Dataset excerpts Block Start

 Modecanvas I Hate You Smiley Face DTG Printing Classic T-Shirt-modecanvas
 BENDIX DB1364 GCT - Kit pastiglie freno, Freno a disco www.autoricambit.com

Dataset excerpts Block End
Dataset excerpts Block Start

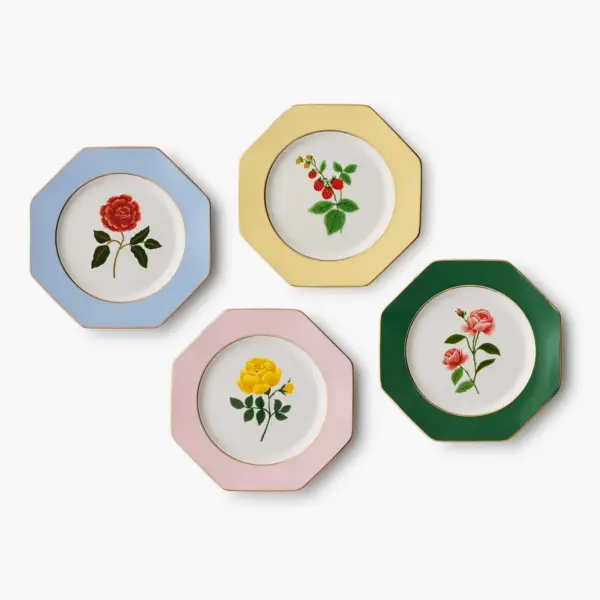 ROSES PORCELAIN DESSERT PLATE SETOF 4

Dataset excerpts Block End
Dataset excerpts Block Start

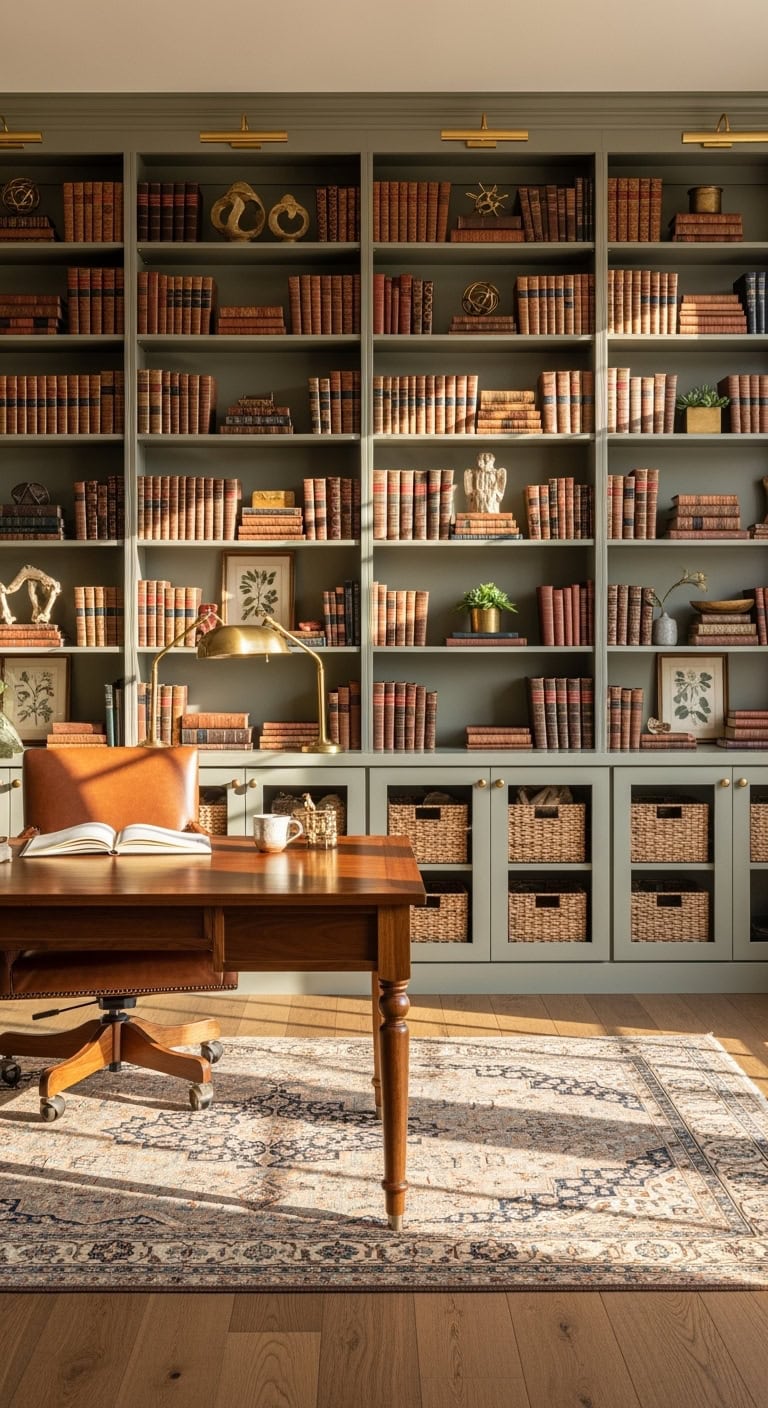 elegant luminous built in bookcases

Dataset excerpts Block End

● Work request:
Both the line containing "Modecanvas I Hate" and the line containing "BENDIX DB1364 GCT" belong in the answer. Print them and every line above that falls between them exactly, and no others.

● Answer to this exercise:
 Modecanvas I Hate You Smiley Face DTG Printing Classic T-Shirt-modecanvas
 BENDIX DB1364 GCT - Kit pastiglie freno, Freno a disco www.autoricambit.com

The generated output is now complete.